80 to 90 percent of the time spent on any digital history project is time spent cleaning things up. OpenRefine can help.

In the regex tutorial we worked with the correspondence of the Republic of Texas, and independent state from 1835 to 1846 was collated into a single volume and published with a helpful index in 1911. It was scanned and OCR’d by Google, and is now available as a text file from the Internet Archive. You can see the OCR’d text at archive.org.

As you worked through the regex exercise, you might have noticed that some names appear multiple times. You may also have noticed that many of the names suffered from errors in the text scan (OCR or Optical Character Recognition errors), rendering some identical names in the original document as similar, but not the same, in the file. For example the recipient “Juan de Dios Cafiedo” is occasionally listed as “Juan de Dios CaAedo”. Any subsequent analysis will need these errors to be cleared up, and OpenRefine is a tool that will help us fix them.

In this exercise, we are going to use the Open Refine tool that originated with Google. Since 2012, it has been open source and freely available online. Using it takes a bit of getting used to, however.

Installation

Start by doing the following:

  1. Visit the Open Refine home page and watch the three videos.
  2. Download Open Refine 3.3 to your machine.
  3. Follow the installation instructions.
  4. Start Open Refine by double clicking on its icon. This will open a new browser window, pointing to http://127.0.0.1:3333 or http://localhost:3333. This location is your own computer, so even though it looks like it’s running on the internet, it isn’t. The 3333 is a ‘port’, meaning that Open Refine is running much like a server, serving up a webpage via that port to the browser. (If the browser window doesn’t open automatically, open one and put http://127.0.0.1:3333 or http://localhost:3333 in the address bar.)

Cleaning and reconciling names

  1. Make sure Open Refine is running in your browser.
  2. Start a new project by clicking on the ‘Create project’ tab on the left side of the screen.
  3. Click on ‘Choose files’ and select the Texan correspondence CSV file.

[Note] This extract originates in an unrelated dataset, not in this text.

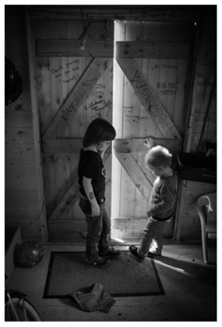 grandsons opening the door of in the wooden shed in their grandfather's garden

Open Refine will load this data and it will give you a preview of your data.
  4. Name your project in the box on the top right side (eg. ‘texasnames’ or similar) and then click ‘Create project’. It may take a few minutes.
  5. Once your project has started, one of the columns that should be visible in your data is “Sender”. Click on the arrow to the left of “Sender” in OpenRefine and select Facet -> Text Facet. Do the same with the arrow next to “Recipient”.
  6. A box will appear on the left side of the browser showing all 189 names listed as senders in the spreadsheet. Within the “Sender” facet box on the left side, click on the button labeled “Cluster”. This feature presents various automatic ways of merging values that appear to be the same.
  7. Play with the values in the drop-down boxes and notice how the number of clusters found change depending on which method is used. Because the methods are slightly different, each will present different matches that may or may not be useful.
  8. If you see two values which look like they should be merged, e.g. Ashbel Smith and . Ashbel Smith, check the box to the right in the ‘Merge’ column and click the ‘Merge Selected & Re-Cluster’ button below.
  9. Go through the various cluster methods one-at-a-time, including changing number values, and merge the values which appear to be the same. Juan de Dios CaAedo clearly should be merged with Juan de Dios Cafiedo, however Correspondent in Tampico probably should not be merged with Correspondent at Vera Cruz. Since we are not experts, we will have to use our best judgement in these cases — or get cracking on some more research to help us make the call. By the end, you should have reduced the number of unique Senders from 189 to around 150.
  10. Repeat these steps with Recipients, reducing unique Recipients from 192 to about 160.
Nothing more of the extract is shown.